The spatial analysis showed that 9 out of the 12 variables analysed with SADIE presented spatial aggregation (Ia > 1, P < 0.05) in some of the studied trees, and 11 out of the 12 variables did so for the most defoliated tree (#4), but only 6 with significant probability. Results on the spatial distribution of nutrients in the current study agreed with those observed by Gallardo [20] and Andivia et al. [23], where all variables showed spatial heterogeneity. Nitrogen and OM tended to be clumped under the crown cover for all trees, except tree 4 in the case of N. The N cycle is closely related to the processes of organic matter in soils, although it seems to be little influenced by the presence of roots and mycorrhizae [19]. The soil content of P is also linked to soil biological and chemical processes, and forms clusters under the crown cover in three (trees 1, 2 and 4) of the four trees studied. Roots and mycorrhizae play an important role in the mineralisation of the P in organic matter through the activity of phosphatases [58]; thus, the probable extension of roots beyond the crown cover could explain P distribution within and around the crown [59,60]. In this sense, soil N and P concentrations depend on the rate of mineralisation and their uptake by roots and microorganisms [20,61], and on the interactions with soil mineral components in the case of P [61,62]. Potassium should show less spatial dependence on the tree crown than the rest of the essential elements as it is not linked to the organic soil components; however, it showed aggregation of clusters in trees 3 and 4. These contrasting results among trees may be related with other processes such as the cortical runoff of K leaching from leaves and other aboveground plant organs [20,61,63].

4.2. Concentrarion of Cfu was Influenced by the Spatial Distribution of Edaphic Variables

The significant correlations between the concentration of cfu and the edaphic variables, clay, P, OM and K, were related to differences in general values and/or significant aggregation patterns with respect to crown cover. These results provide evidence of the influence of crown cover on soil conditions and cfu. The lifecycle of P. cinnamomi and other oomycetes is driven by soil conditions, persists in the soil as resistance structures when the conditions are unfavourable, and proliferates through zoospores when soil temperature and moisture are adequate [55]. Therefore, the influence of crown cover on soil conditions might have an indirect influence on the number of cfu.
For all trees, the concentration of clay was lower under the crown cover. Locations under the tree cover showed higher cfu levels accompanied with lower clay and higher sand percentages.
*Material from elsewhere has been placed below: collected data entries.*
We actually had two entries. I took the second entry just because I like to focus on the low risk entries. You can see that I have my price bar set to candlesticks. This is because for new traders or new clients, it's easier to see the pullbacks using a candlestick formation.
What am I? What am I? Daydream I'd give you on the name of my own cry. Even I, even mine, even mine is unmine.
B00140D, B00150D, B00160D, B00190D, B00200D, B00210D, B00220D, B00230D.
Other studies have reported loam medium texture under crown cover and clay-loam medium texture outside [64]. Although the differences in soil texture were significant for the crown cover, the effect of those differences on cfu concentration would be lower than the effect of the presence of fine roots, which are supposed to be concentrated under the crown. The root rot of Q. ilex affects mostly the fine roots, the most serious effects being on roots growing in relatively dry soils, eventually undergo short flooding due to extreme precipitation events [9,31,64]. Therefore, it might be considered that the presence of fine roots and soil moisture are more influential environmental drivers for the presence of microorganisms compared with changes in soil texture.
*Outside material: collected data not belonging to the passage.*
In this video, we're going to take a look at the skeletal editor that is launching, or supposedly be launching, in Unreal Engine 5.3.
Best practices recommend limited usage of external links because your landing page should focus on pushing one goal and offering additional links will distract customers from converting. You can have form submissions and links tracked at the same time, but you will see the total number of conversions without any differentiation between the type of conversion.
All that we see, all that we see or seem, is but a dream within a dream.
In our study pH and Ca showed a positive correlation with cfu. High concentrations of Ca and high pH values in the soil are related on the literature with the inhibition of the pathogen growth and the accumulation of survival structures of oomycetes [28,31,65]. However, the overall values we found for pH and Ca did not differ regarding crown position and presented small variations among all the samples. All the soil samples analysed were acidic (5.1 < pH < 5.5) and the Ca2+ values ranged from 0.56 to 0.78 meq 100 g−1 (from 0.28 to 0.4 mMol Ca each 100 g of soil) (Table 2). The pH was very close to the interval established as the optimum for the development and infection of several soilborne pathogen oomycetes in laboratory tests, including P. cinnamomi (optimum pH between 5.5 and 6.0) [66], and the concentration of Ca was 100 fold lower than the necessary to inhibit the mycelium growth of P. cinnamomi on in vitro tests [28]. Therefore, Ca and pH should not be considered in our case as factors influencing the distribution of cfu, since the range of Ca and pH values could not produce differences in the behaviour of the pathogen.
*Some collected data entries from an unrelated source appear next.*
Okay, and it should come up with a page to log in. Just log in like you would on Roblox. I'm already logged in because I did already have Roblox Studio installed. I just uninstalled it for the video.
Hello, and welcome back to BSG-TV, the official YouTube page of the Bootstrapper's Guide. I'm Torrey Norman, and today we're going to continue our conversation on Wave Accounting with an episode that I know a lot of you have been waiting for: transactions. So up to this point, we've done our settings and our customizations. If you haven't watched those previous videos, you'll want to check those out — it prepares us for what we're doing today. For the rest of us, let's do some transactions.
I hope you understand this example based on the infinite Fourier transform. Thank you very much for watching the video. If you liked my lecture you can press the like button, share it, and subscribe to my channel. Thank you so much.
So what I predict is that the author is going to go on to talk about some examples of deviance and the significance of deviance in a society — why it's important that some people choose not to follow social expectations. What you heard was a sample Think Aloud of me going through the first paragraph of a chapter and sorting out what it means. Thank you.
The cfu values were predicted to a significant extent by the GLMM using silt and moisture as variables, together with P and K, demonstrating that there is an influence of soil conditions on cfu abundance apart from tree crown influence. The output model might be considered site-specific because it is dependent on a set of microsite characteristics. However, the results suggest that there exists a significant influence of the soil variables contributing to the suitability of the microsite environment for P. cinnamomi.
The levels of P and K were significantly different due to crown position, presenting higher values under the tree crown. However, when the influence of crown position was taken out of the analysis, considering it as a random effect in the mixed model, both P and K concentration explained to a significant extent the cfu values. Both P and K were present in higher concentrations under the crown, following the same trend as cfu. Other studies showed that N, P, K, OM and the biomass of microorganisms tend to concentrate under the crown [21,67]. It could be considered that the influence of these soil parameters on the number of cfu is related to the suitability of the microenvironment for oomycetes to complete their lifecycle. Some oomycetes species, including several pathogenic Phytophthora spp., have the ability to either survive or complete their lifecycle as saprobes [19,68,69], despite their poor ability to compete with other saprophytic organisms [70]. Therefore, higher levels of organic matter and nutrients might lead to an increase of oomycete resistance structures under a saprophytic environment.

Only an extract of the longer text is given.